I'm not writing about this topic to criticize how love was demonstrated in anyone's home. I am writing this to point out a side of yourself you might of never fully understood before now. 

The realization of how love was defined to you in the beginning of your life could play a monumental role in your ability to love and be loved as both a parent and partner!

When going through this exercise myself I realized that my parents loved very differently. (I use past tense because my father has changed a lot from when I was a baby.) 

Initially, when I was young, my dad had a hard time with words. I didn't hear the I love you's very often, but I could always feel the love in his hugs and cuddles. 

My mother on the other hand spoke from her heart often, said she loved me all the time, gave me words of affirmation constantly and we snuggled, a lot. 

So what does this say about me? 

Well, it makes sense that when it comes to feeling loved, physical touch and words of affirmation are my love languages. 

I feel loved when I'm held close, kissed often and told that I matter. This naturally is why when I try to make those around me feel loved, I hold them close, kiss them often and tell them how deeply they matter to me. 
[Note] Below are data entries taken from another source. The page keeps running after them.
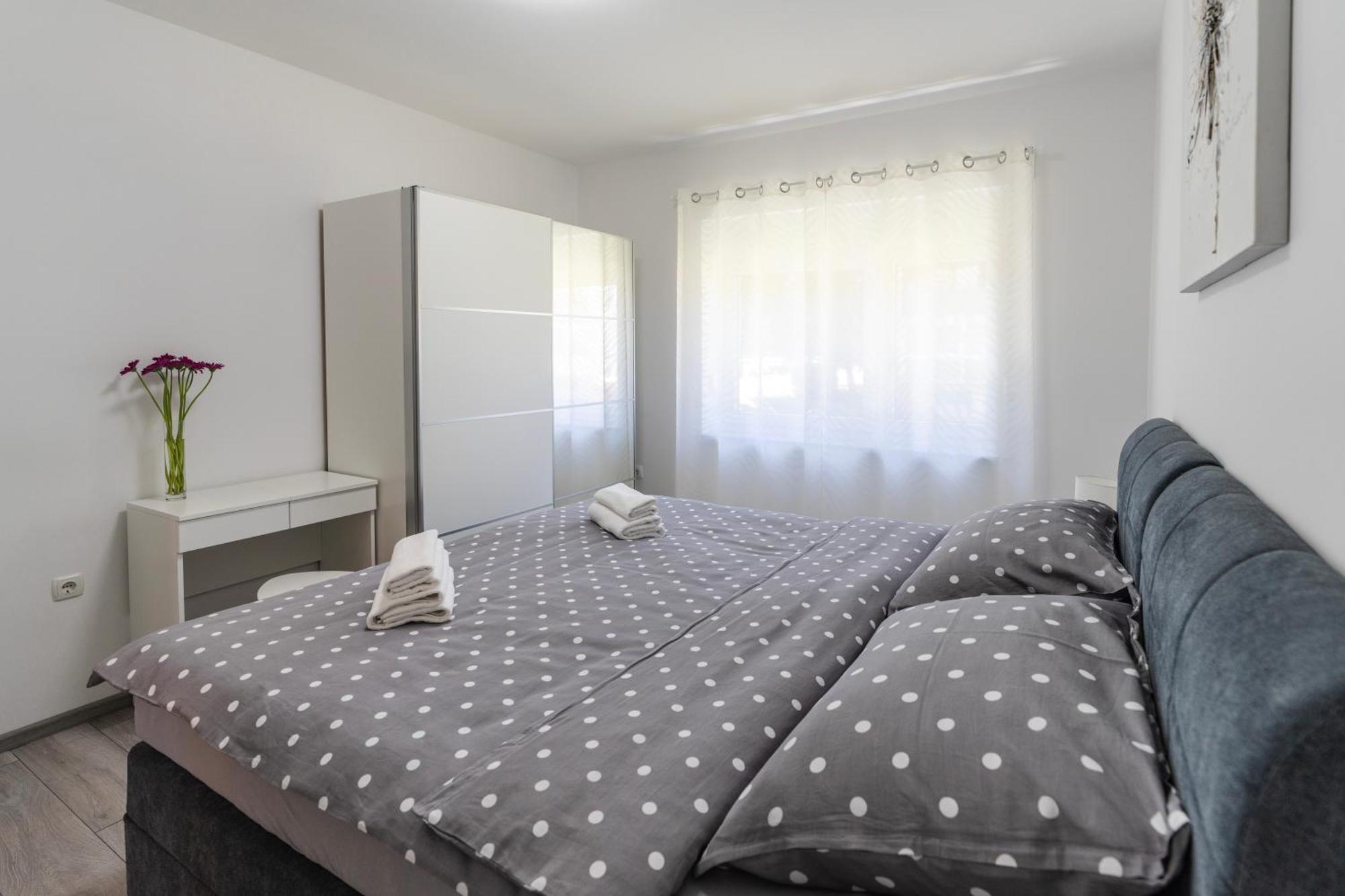 Ferienwohnung Lusi Otočac Exterior foto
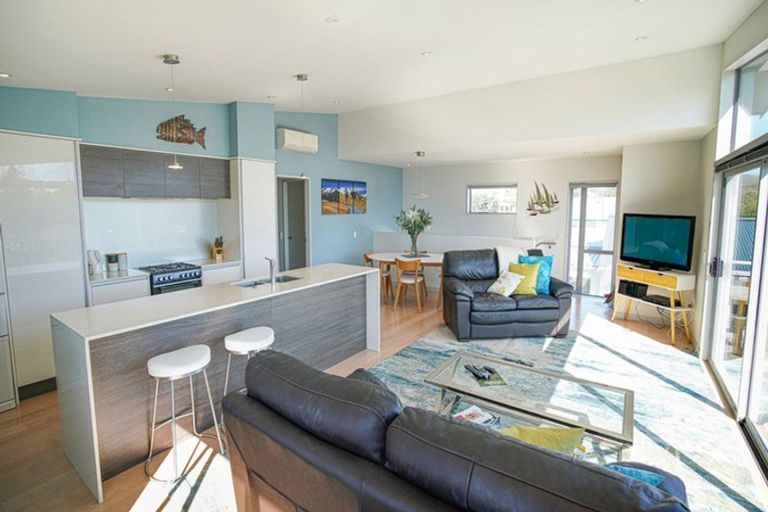 Photo of property in 20b Wharemauku Road, Raumati Beach, Paraparaumu, 5032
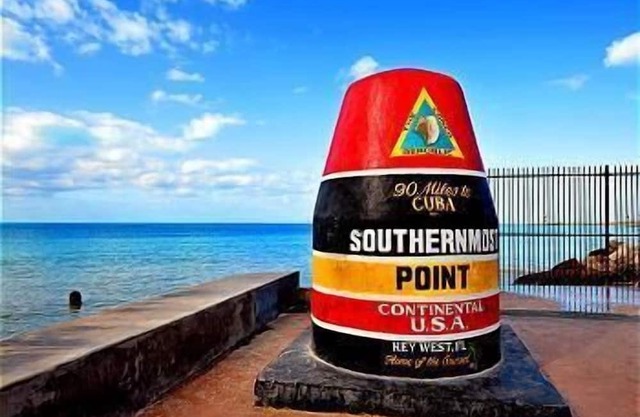 Grinnell Old Town Hideaway Newly Renovated 1 Bed Apartment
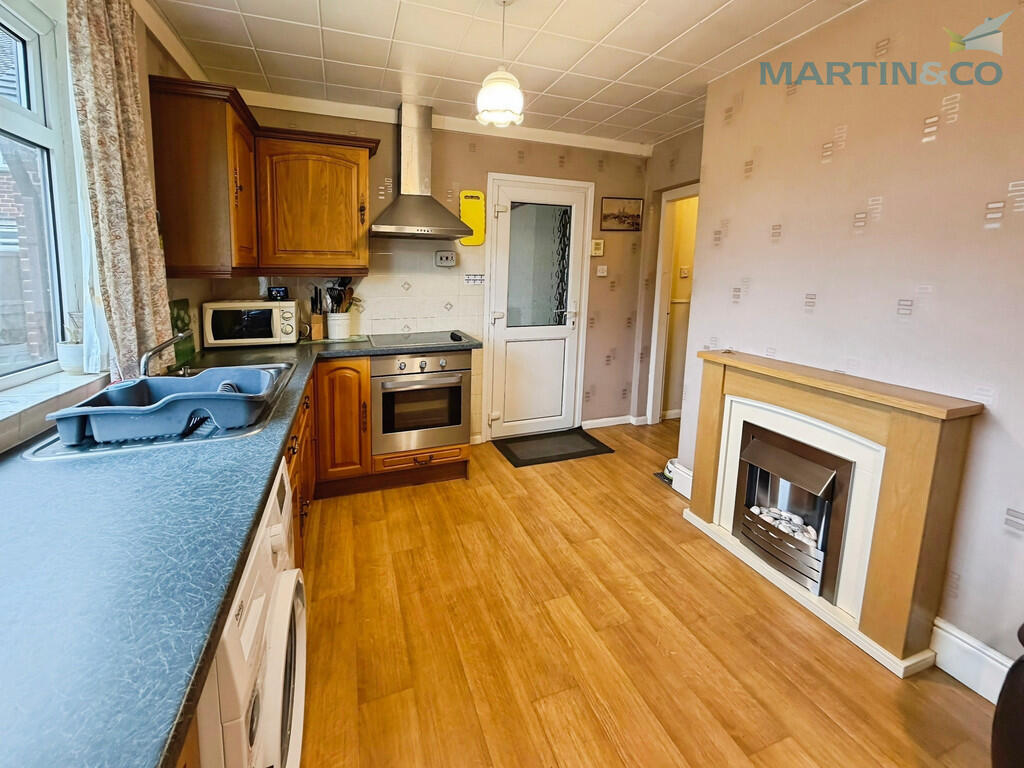 House in West Lindsey, Upton - View 5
This is how I learned to love. 

This has been the definition of love that I was raised to understand. 

My first true loves loved me in this way. 

To understand our position and comfort level with love, we must first examine these early years of how we were loved. 

Now, if you're thinking, oh great! My parents never showed me or told me about love, I'm doomed! It's actually quite the opposite. 

An awareness to the abundance or lack of love you may have experienced in the early years could be a groundbreaking starting point for you to further develop your capacity to love now. 

As a parent, what do you wish for your child's expectations of love? 

How do you hope your child is one day loved by their partner?

How do you hope they might one day love their children? 

In understanding the importance of how we show and model love to/around our children we have a monumental opportunity. We have a chance to model a healthy love so that when our children leave the nest and look for love in this world, their expectations are healthy and high! 

Loving Bravely is a great read for any self-help, non-fiction junkies out there or anyone looking to up their connections to themselves and their family. 

Show love, grow love

Happy Living Parents!


© 2015 by Krista Beehler.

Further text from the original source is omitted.